This post is part of series on “The Many Arms of SciComm” which will introduce concepts and ideas leading up to Science Talk ’22. Registration is open until March 16th.
In my mind, the quote above doesn’t just apply to the public health system. As science communicators, it is our responsibility to translate & communicate scientific findings in such a way that “Science” (with a capital S) inspires confidence among anyone who could potentially be impacted by them. Reaching out to those with differing perspectives with the goal of understanding is essential to truly earning trust, especially among those who have been historically ignored or harmed. Climate, environment, health, technology… all the places where science intersects with society require attention from the science communication community.
As much as the myth of the brilliant, isolated scientist toiling away in his laboratory continues to persist in the stories we tell, it is far from reality. Science does not take place in isolation, but is woven into the fabric of society. That science is inspired by societal interactions and also impacts society’s future are primary reasons for people involved in science to communicate responsibly.
The idea of responsibility in scientific practice has existed for many years. We have regulatory groups, lab notebooks, and binders of standard operating procedures to ensure that research is safe and ethical. But, what about the communication of science? Who is responsible for the words used to explain a project, concept, or finding and how they may or may not be interpreted by different audiences?
Science as a professional field that helps to advance society holds significant public trust, but at the same time it has a branding problem. Unlike a large corporation with a marketing department and advertising professionals on speed-dial, no one in particular is in charge of telling the story of science. This means that the story can seem incoherent, impenetrable, and even render many characters invisible.
Thankfully, the science communication landscape has developed significantly in the past several decades. Scientists realize their role in not only exercising responsibility in research, but also its communication. Science communication training programs for scientists are increasing in number across the country as institutions and departments address the need for scientists to be versed in communications tactics. There is more discourse than ever between scientists, journalists, and other communicators – who are essential parts of the storytelling ecosystem. Additionally, scientists are reaching out to policymakers to help inform policy with evidence.

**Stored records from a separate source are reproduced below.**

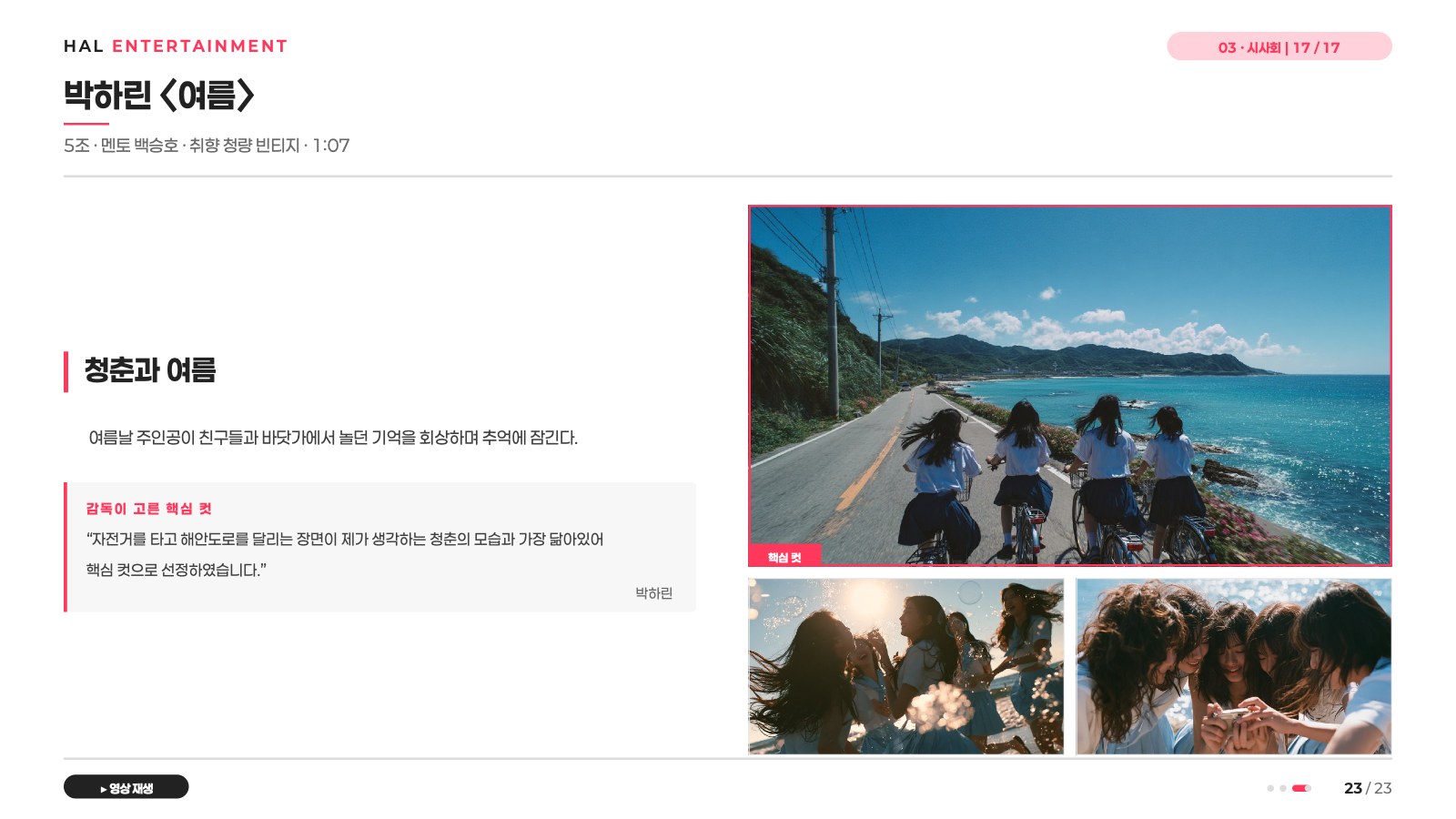 소개 자료 34쪽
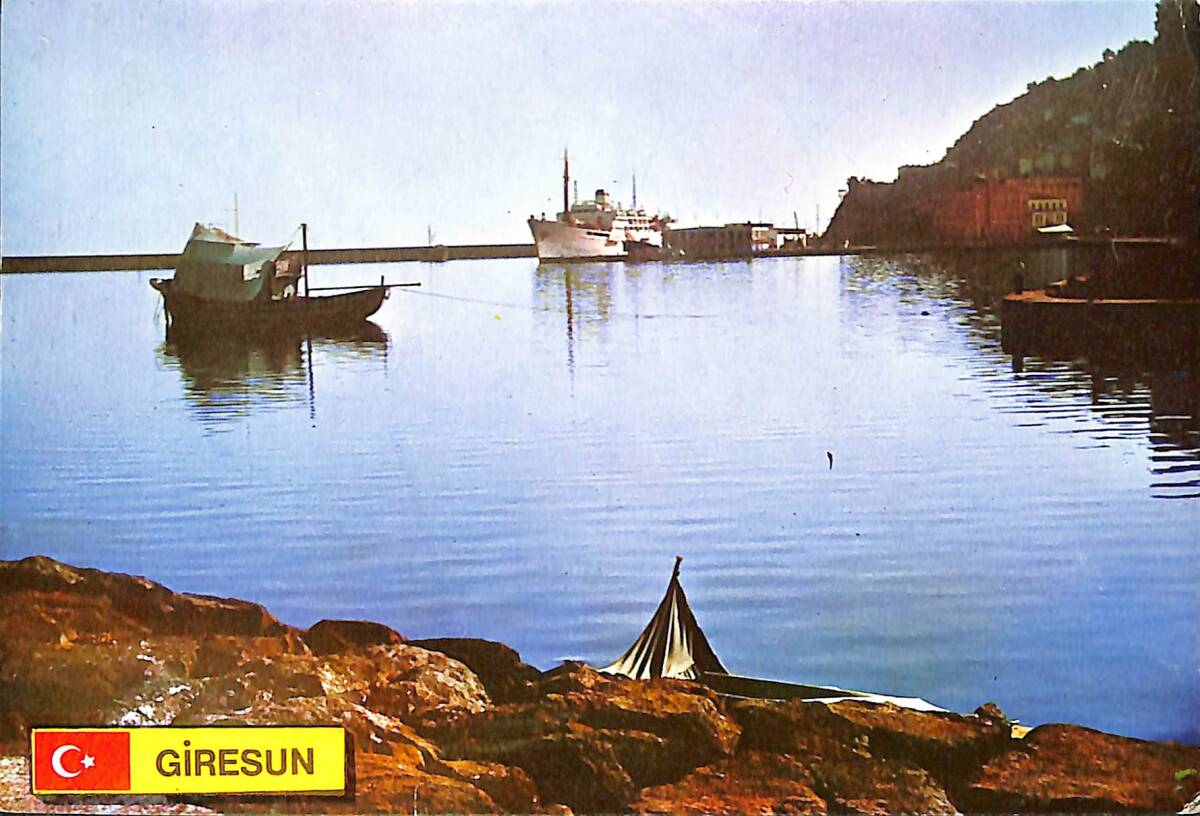 Giresun Kartpostal (Küçük Boy) KRT23537 - 1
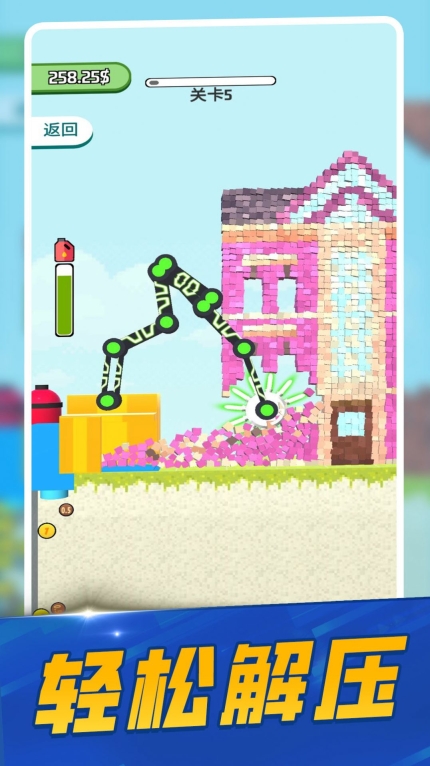 破坏一切模拟图2
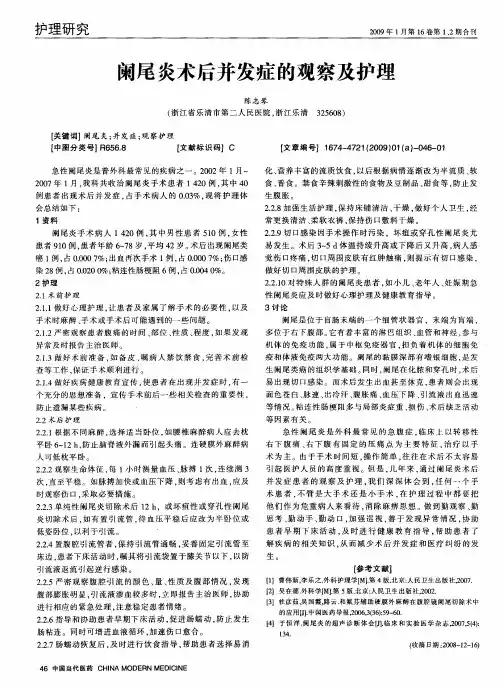 阑尾炎术后并发症的观察及护理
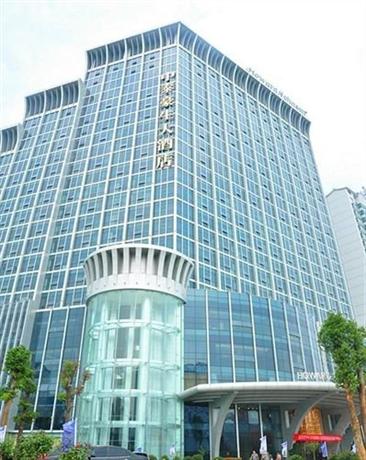 Arcadia International Hotel Nanyang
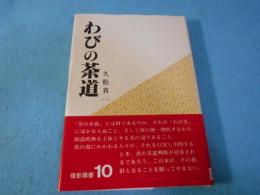 わびの茶道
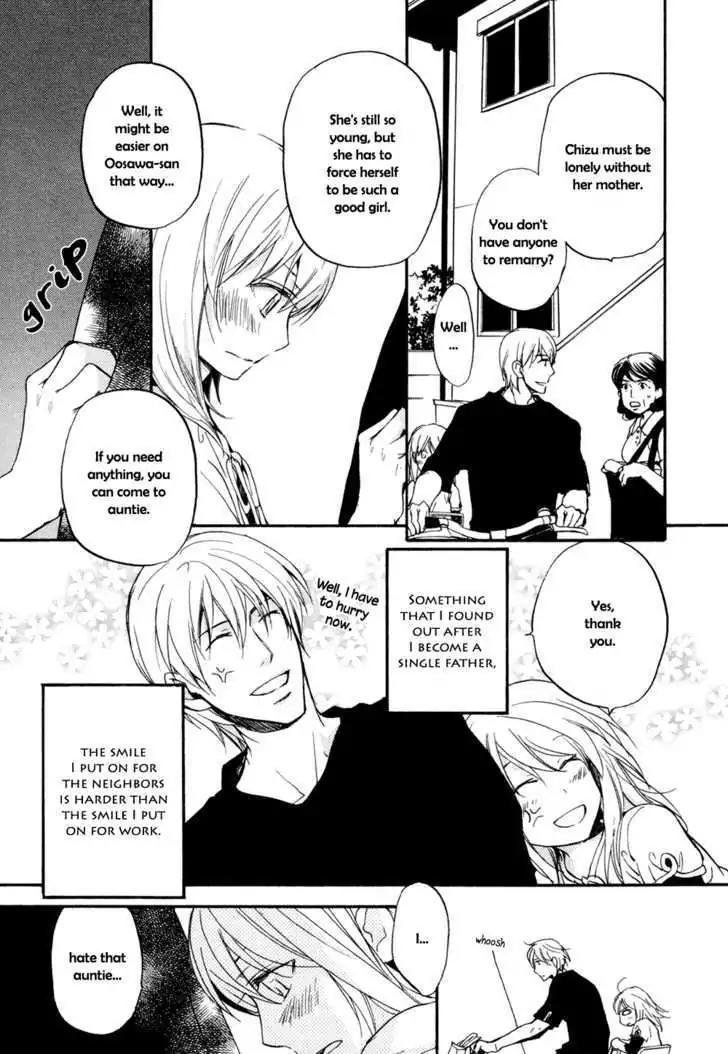 Sorenari ni Shinken nandesu Chapter 1 page 10 - Chapter 1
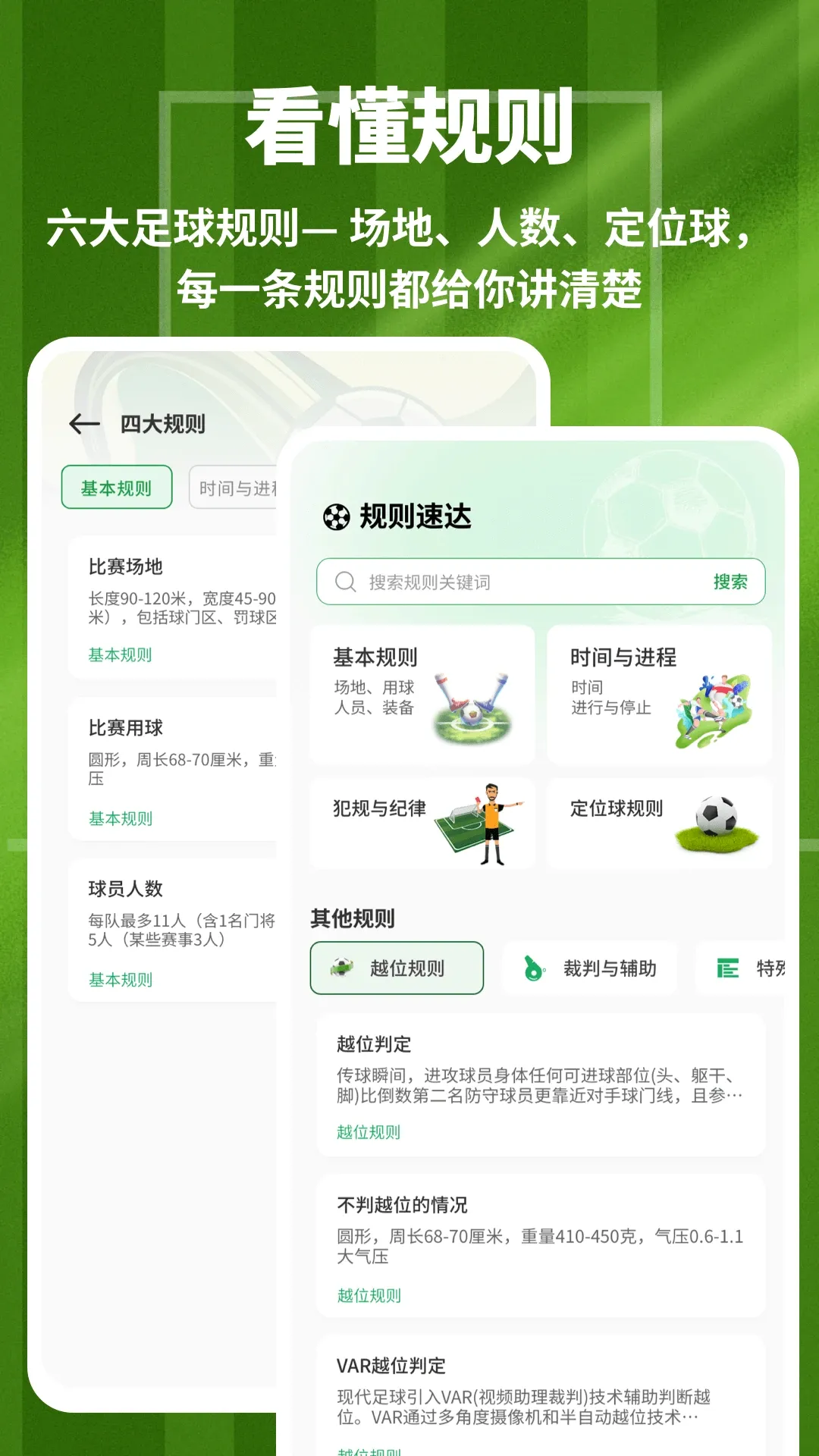 ���������(���򹤾�Ӧ��)v1.0.6 �ֻ����ͼ2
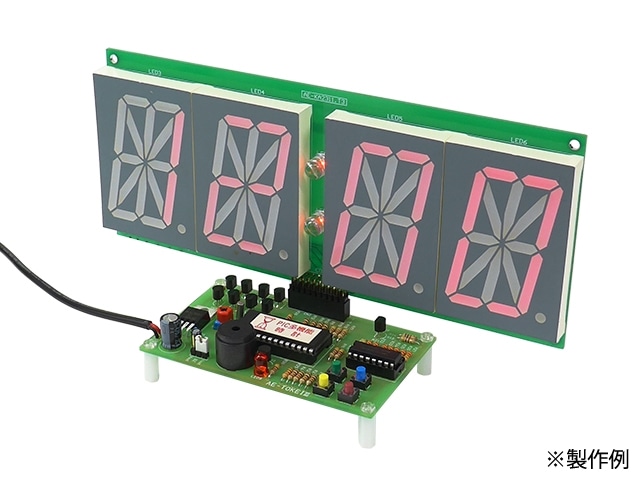 超大型表示マイコンデジタル時計キット Ver.4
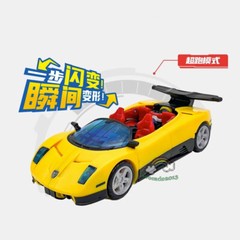 Hello Carbot CONVERSTER Transforming Robot Sports Car Action Figure Toy 19cm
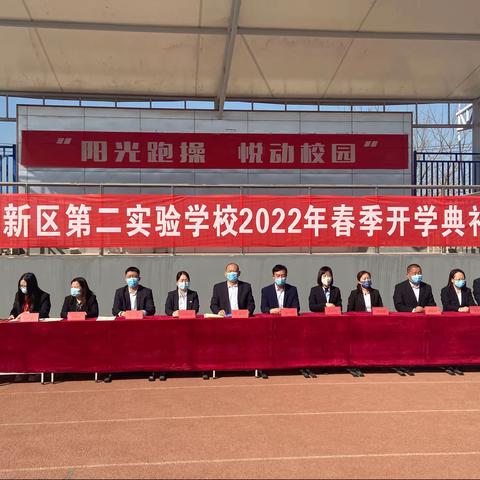 “一起向未来”高新区第二实验学校2022年春季开学典礼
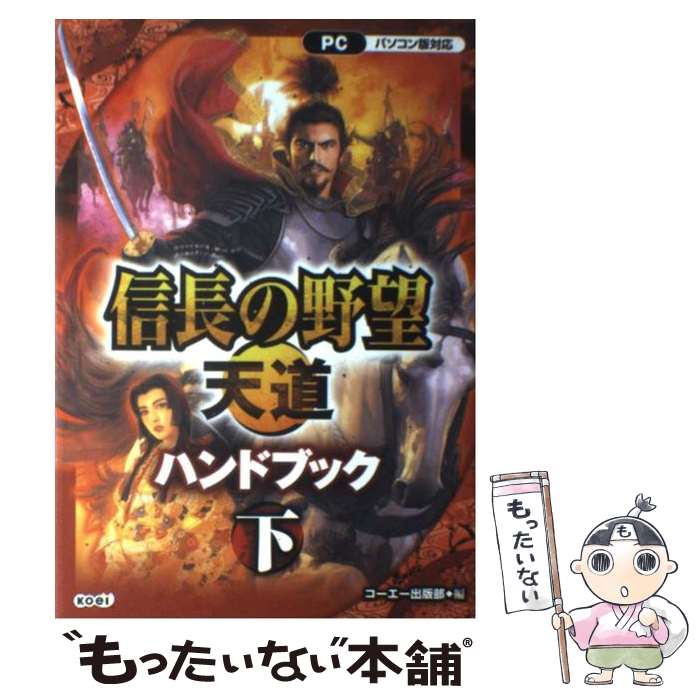 楽天もったいない本舗　楽天市場店【中古】 信長の野望・天道ハンドブック パソコン版対応 下 / コーエー出版部 / 光栄 [単行本（ソフトカバー）]【メール便送料無料】【あす楽対応】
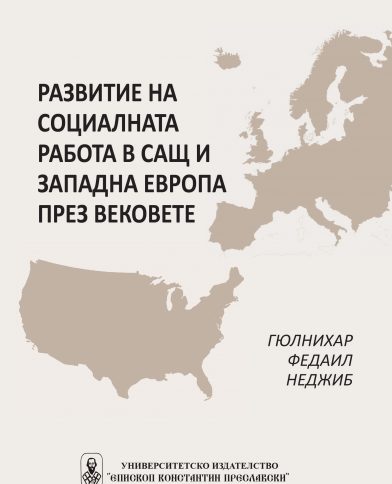 РАЗВИТИЕ НА СОЦИАЛНАТА РАБОТА В САЩ И ЗАПАДНА ЕВРОПА ПРЕЗ ВЕКОВЕТЕ РАЗВИТИЕ НА СОЦИАЛНАТА РАБОТА В САЩ И ЗАПАДНА ЕВРОПА ПРЕЗ ВЕКОВЕТЕ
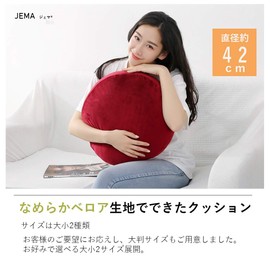 JEMA Body Pillow, Marshmallow, Round Cushion, Squishy Cushion, Round Shape, Zabuton, Cute, Soft, Smooth, Velour Fabric, Round, Pink, Diameter 15.7 inches (40 cm)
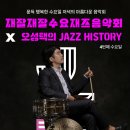 재잘재잘수요재즈음악회with오성택의재즈히스토리 이미지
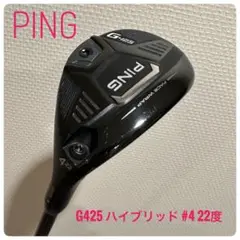 【美品】PING G425 ハイブリッド #4 22度(カーボンflex:S)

Scientists are coming to understand that their social contract goes beyond the lab bench. They must learn to be responsible custodians of the information they uncover and the knowledge they choose to share. Not only do they have to contend with the media misreporting their findings, but now the virality of sensational headlines and hot-takes on social media makes every word choice matter.
Increasingly, scientists are acting as their own marketing team, heading to social media platforms like Twitter to report their findings or to debate with other scientists. #ScienceTwitter is incredibly vibrant and active, but it is not a private community. Unless an account is private, all its posts are visible to anyone else on Twitter. This transparency is a double-edged sword – while it allows scientists direct access to people, it also influences the spread of misinformation through both misunderstanding and purposeful misuse.
Indeed, in a world of identity politics where anything can be politicized, professional science communicators can be an incredible asset, and considered at least as important to implementing responsible science communication as training scientists themselves. This current environment is crying out for science communications professionals to assist scientists and science organizations.
Realistically, how many scientists have the time or wherewithal to do all of their own communicating in the most responsible and effective way? There are some, myself included, who question the idea that all scientists even should. In a recent issue of AAAS’ Science Magazine, H. Holden Thorp wrote in an editorial that he thinks “we need to be careful with the notion that every scientist can be easily trained to also be an outstanding communicator.” And, I find myself agreeing with his conclusion that we might be better served by improving partnerships between scientists & communicators.
Working with scientists, science communicators can help incorporate responsible practices into science communication efforts from the earliest stages of a scientific research project, and provide the tools needed to frame and craft informational messaging for specific uses & goals.
How can we help? Here’s a short list of possible ways science communicators can partner with academic & organizational partners:
- Stakeholder identification & management
- Defining diversity, equity, & inclusion considerations
- Communications goal-setting & strategy
- Media trainings
- Communications timeline planning
- Tactical communications implementation
- Communications assessments
I’d love to hear your ideas for additional areas where science communicators can effectively work to truly and responsibly build trust among those who fall outside the echoing bubble of agreement. Because what is essential is that we make responsibility a cornerstone of science communication. Solidly ethical communication frameworks will lead to more societal confidence in Science without any coercion. And, it’s our responsibility as science communicators to work with scientific partners to make sure it happens.